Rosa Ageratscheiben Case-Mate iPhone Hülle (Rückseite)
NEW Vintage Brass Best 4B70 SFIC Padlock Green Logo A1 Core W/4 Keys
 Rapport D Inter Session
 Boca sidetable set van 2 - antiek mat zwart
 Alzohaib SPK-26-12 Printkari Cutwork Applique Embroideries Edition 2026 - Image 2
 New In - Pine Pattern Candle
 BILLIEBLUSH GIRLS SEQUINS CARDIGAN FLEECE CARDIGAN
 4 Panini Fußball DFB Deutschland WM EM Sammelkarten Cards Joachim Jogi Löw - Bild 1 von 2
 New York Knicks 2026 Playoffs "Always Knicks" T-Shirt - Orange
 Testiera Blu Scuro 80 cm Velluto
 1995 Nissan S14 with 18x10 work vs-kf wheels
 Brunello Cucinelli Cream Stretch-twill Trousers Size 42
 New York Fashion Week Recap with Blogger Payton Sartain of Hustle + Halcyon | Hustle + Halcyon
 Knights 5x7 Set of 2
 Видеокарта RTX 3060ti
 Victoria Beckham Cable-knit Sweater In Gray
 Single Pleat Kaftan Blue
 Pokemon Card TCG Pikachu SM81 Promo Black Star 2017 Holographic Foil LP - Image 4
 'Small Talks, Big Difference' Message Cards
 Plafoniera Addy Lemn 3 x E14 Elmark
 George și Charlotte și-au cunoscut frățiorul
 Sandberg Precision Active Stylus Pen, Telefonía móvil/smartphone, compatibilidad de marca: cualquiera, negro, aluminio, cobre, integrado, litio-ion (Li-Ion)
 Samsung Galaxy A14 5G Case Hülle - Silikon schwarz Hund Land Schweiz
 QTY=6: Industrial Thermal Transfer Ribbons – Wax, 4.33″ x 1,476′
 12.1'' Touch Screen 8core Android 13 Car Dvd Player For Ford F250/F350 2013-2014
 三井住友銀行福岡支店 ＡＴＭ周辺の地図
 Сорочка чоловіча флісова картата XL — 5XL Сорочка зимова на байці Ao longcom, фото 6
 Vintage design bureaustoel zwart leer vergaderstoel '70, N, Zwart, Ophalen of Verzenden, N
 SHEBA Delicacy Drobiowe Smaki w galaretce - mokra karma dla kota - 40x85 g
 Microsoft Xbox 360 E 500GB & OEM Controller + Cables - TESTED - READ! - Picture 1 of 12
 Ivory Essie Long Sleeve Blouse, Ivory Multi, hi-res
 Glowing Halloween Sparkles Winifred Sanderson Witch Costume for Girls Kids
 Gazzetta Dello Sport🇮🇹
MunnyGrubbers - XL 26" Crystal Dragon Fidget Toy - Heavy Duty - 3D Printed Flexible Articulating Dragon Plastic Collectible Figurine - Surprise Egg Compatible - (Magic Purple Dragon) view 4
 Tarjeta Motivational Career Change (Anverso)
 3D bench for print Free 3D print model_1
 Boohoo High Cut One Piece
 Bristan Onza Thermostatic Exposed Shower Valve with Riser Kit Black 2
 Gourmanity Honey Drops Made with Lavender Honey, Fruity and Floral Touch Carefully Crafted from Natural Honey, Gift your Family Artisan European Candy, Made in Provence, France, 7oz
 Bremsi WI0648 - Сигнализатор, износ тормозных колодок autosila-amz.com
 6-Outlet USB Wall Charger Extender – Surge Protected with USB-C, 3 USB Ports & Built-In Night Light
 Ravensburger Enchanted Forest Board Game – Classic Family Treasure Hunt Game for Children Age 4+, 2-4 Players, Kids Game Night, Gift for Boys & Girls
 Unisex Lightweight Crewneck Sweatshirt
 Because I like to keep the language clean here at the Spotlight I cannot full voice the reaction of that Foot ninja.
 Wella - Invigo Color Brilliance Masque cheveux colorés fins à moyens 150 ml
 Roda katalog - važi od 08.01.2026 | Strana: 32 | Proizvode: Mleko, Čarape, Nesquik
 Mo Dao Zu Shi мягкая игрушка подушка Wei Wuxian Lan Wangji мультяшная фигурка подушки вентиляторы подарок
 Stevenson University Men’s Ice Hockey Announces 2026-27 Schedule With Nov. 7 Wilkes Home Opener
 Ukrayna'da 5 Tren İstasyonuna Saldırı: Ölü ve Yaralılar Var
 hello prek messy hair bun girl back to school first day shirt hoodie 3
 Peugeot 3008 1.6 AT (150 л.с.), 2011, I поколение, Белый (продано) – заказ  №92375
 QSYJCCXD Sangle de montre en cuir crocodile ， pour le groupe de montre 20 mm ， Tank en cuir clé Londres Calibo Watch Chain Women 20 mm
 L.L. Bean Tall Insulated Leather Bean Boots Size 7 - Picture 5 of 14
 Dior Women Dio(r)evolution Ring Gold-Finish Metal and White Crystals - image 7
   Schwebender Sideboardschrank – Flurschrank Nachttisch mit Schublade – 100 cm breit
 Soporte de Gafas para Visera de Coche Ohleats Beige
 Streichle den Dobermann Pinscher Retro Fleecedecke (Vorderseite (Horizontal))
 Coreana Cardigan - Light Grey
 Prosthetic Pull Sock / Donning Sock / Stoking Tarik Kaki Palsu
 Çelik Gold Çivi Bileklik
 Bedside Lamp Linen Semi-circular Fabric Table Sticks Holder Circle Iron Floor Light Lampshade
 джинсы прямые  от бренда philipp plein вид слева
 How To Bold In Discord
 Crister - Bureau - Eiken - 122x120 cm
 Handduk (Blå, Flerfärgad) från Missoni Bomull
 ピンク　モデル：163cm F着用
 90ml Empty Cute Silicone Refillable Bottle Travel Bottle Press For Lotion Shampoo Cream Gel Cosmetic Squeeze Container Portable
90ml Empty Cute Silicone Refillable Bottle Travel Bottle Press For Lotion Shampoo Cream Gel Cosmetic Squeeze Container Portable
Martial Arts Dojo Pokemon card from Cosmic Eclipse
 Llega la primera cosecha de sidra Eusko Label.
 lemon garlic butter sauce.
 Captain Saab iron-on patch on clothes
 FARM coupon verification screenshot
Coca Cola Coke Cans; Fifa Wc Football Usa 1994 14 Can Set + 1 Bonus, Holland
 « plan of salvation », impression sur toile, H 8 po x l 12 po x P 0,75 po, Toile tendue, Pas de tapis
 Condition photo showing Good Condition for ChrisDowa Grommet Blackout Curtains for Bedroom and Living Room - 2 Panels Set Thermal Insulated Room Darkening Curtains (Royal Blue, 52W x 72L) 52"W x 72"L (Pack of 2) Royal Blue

---+---

Exercise requirements | Your reply should hold only the lines from the first line of the records through the one with "New York Fashion", reproduced word for word.

Your solution |
Rosa Ageratscheiben Case-Mate iPhone Hülle (Rückseite)
NEW Vintage Brass Best 4B70 SFIC Padlock Green Logo A1 Core W/4 Keys
 Rapport D Inter Session
 Boca sidetable set van 2 - antiek mat zwart
 Alzohaib SPK-26-12 Printkari Cutwork Applique Embroideries Edition 2026 - Image 2
 New In - Pine Pattern Candle
 BILLIEBLUSH GIRLS SEQUINS CARDIGAN FLEECE CARDIGAN
 4 Panini Fußball DFB Deutschland WM EM Sammelkarten Cards Joachim Jogi Löw - Bild 1 von 2
 New York Knicks 2026 Playoffs "Always Knicks" T-Shirt - Orange
 Testiera Blu Scuro 80 cm Velluto
 1995 Nissan S14 with 18x10 work vs-kf wheels
 Brunello Cucinelli Cream Stretch-twill Trousers Size 42
 New York Fashion Week Recap with Blogger Payton Sartain of Hustle + Halcyon | Hustle + Halcyon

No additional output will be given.